-------- RECORD EXCERPTS --------
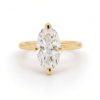 Moval-Cut Diamond Solitaire Ring in 18k Yellow Gold with Compass Prongs Custom Engagement Rings 6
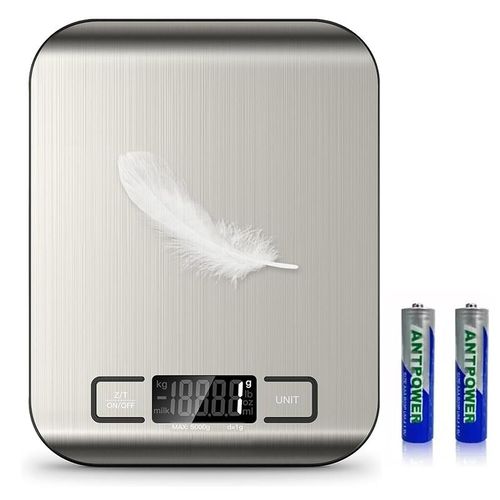 CYFAZA Food Kitchen Scale Stainless Steel 5kg/1g With Tare Function, LCD Display, Battery Operated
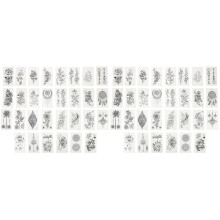 60Pcs Party Flower Decals Pretty Waterproof Temporary Tattoos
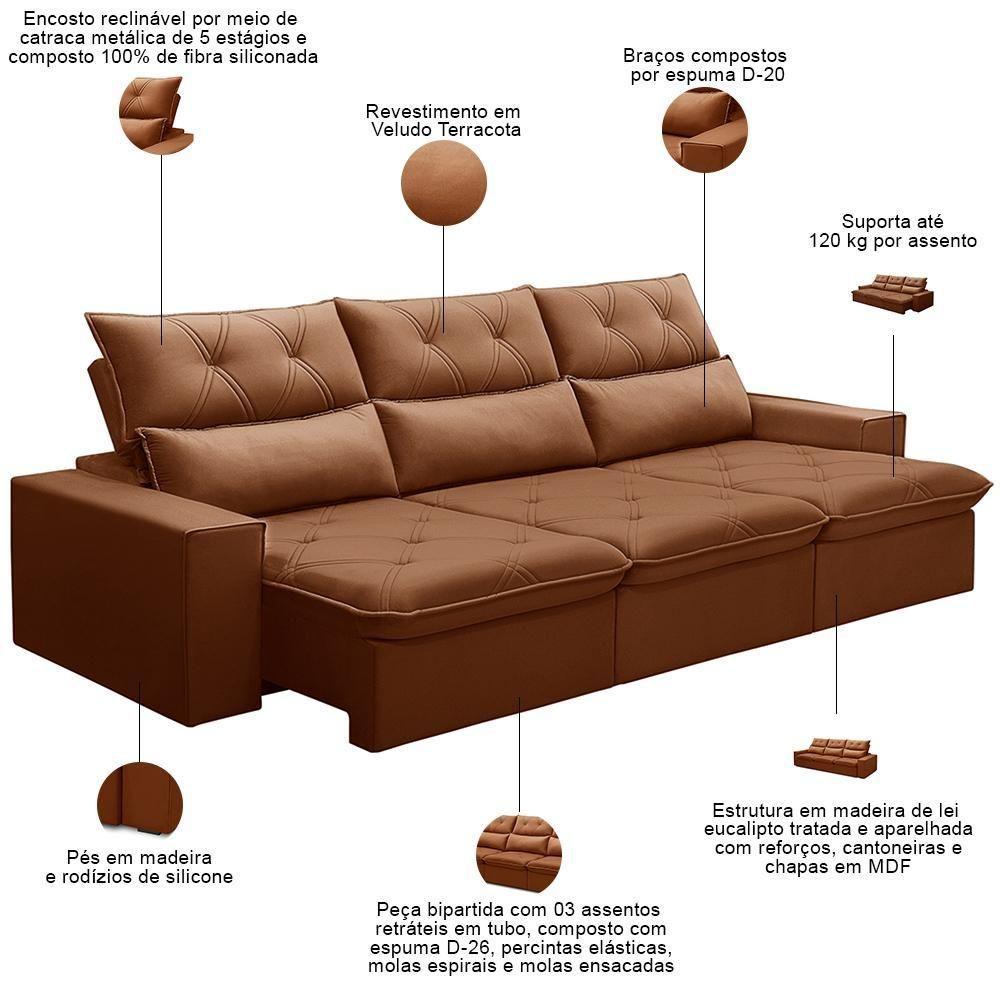 Sofá Retrátil Reclinável Para Sala 3 Lugares 230cm Aires F04 Veludo Terracota - Lyam Decor - 2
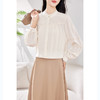 KQ-2026春季新款欧美风蕾丝细褶桑蚕丝长袖衬衫纯色设计感灯笼袖上衣 商品缩略图3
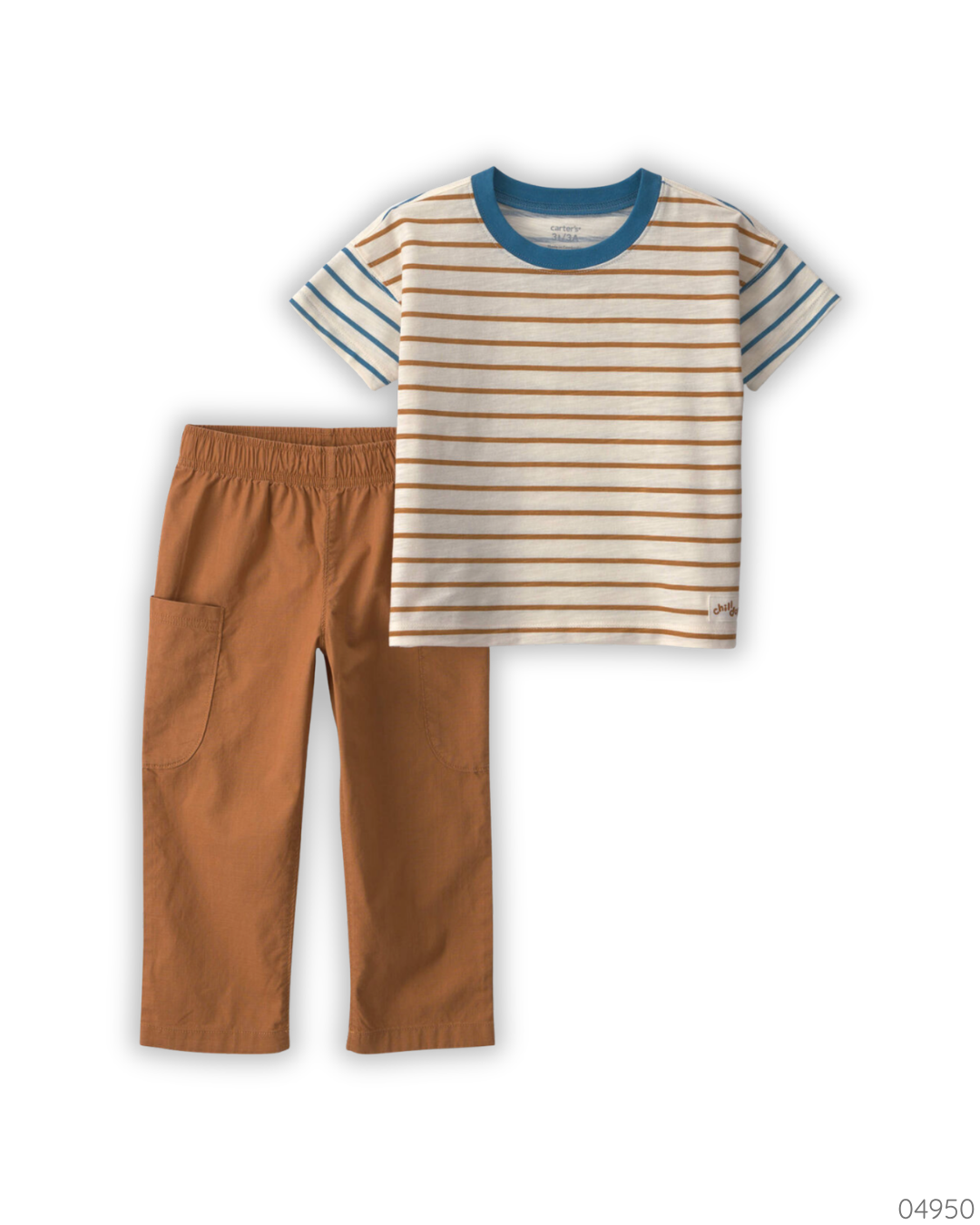 TRAJE CAMISA RAYAS PANTALON CAFE CARTERS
--------
EXERCISE OBJECTIVE:
Line by line and exactly, reproduce the span from the line with "KQ-2026春季新款欧美风" through the end of the data above, both ends included, with pictures left out.

EXPECTED ANSWER:
 KQ-2026春季新款欧美风蕾丝细褶桑蚕丝长袖衬衫纯色设计感灯笼袖上衣 商品缩略图3
 TRAJE CAMISA RAYAS PANTALON CAFE CARTERS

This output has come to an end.